I once had vague ideas of starting a business dedicated to helping people get their message across better. Not an advertising agency, but a communication enhancement centre. And I'll tell you, we Christians need to enhance our communication!

We have the greatest message in the world - God's unrelenting love, grace and mercy poured out to us in extravagant ways. But so often, we present that message through long-winded, boring speeches.

Our message says 'born again'. Our method says 'boring again'.

Good teaching and learning involves these things:

hearing
seeing
feeling
touching
tasting
moving
doing
questioning
thinking
participating
speaking
telling stories
engaging with people
thinking thoughts
knowing facts
making deductions
feeling emotions
stirring passions
translating his experience across to my experience
reflecting
stopping

A lot of the time, preachers will stop at the first one on my list - hearing. And they sometimes don't get to the last one until 40 or 50 minutes later, without using the others on the list.

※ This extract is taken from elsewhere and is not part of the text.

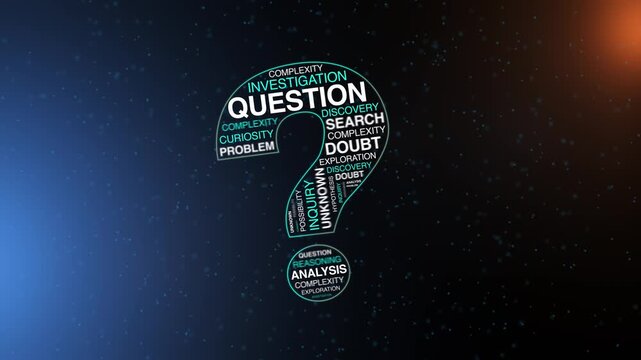 Brilliant Question Mark Shape Drifting Through Cosmic Starfield With Subtle Light Effects And Particles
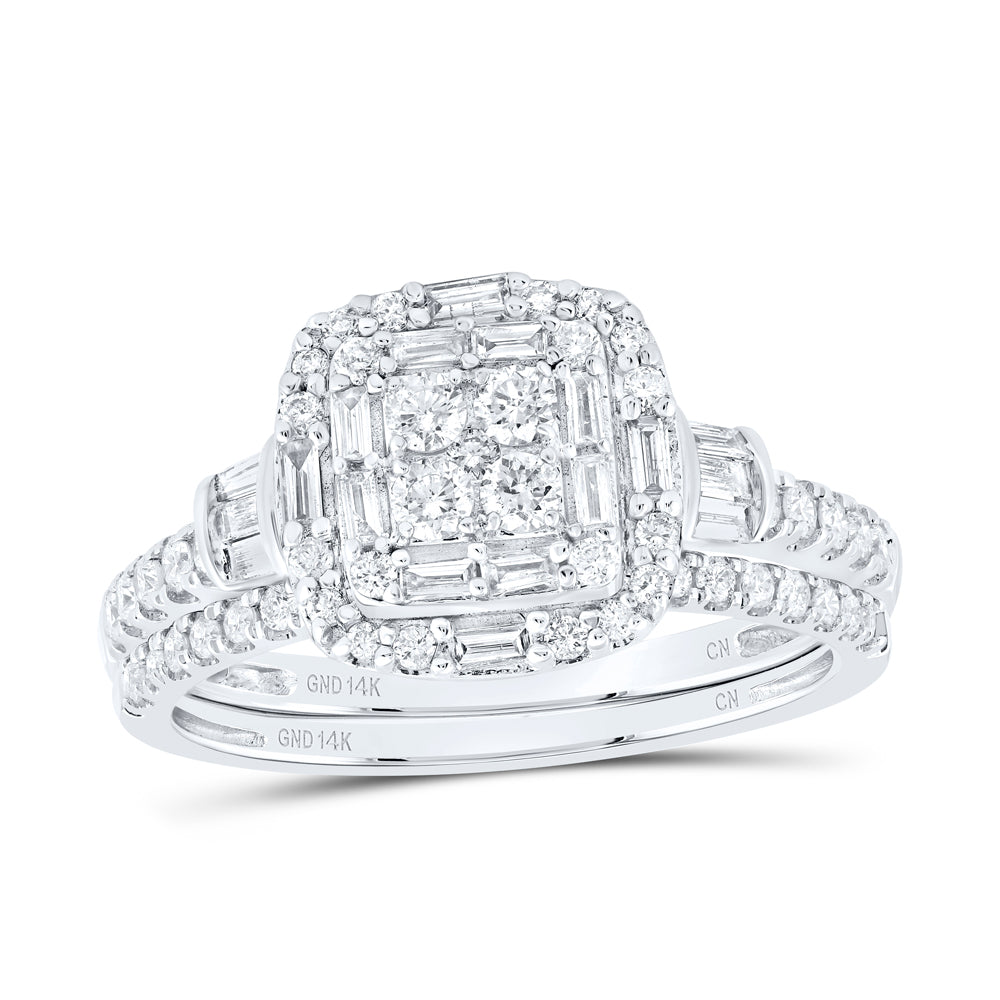 3/4CTW-DIA CN CUSHION SINGLE HALO BRIDAL SET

Lecture-style Christian talks are often great. They frequently include marvellous, deep reflections on the text and great applications to life.

But I think the Christian subculture I belong to has the mind-set that says listening to (or delivering) a long Christian lecture is the ultimate in 'serious' Christianity. If you can do either of those, you are taking the Bible seriously and you are growing in your faith.

My point is, however, that there are other ways to learn and engage with the same content more effectively than sitting through a long talk.

I'd be interested in your ideas for how you'd like to see Christian teaching and learning done. What are the benefits of the current model? What do you think we miss by not doing it differently? How could it practically work in a church situation? How can we use more interactive models of teaching, but still keep the input from people who have good insights into context, meaning and application (traditionally the preachers)?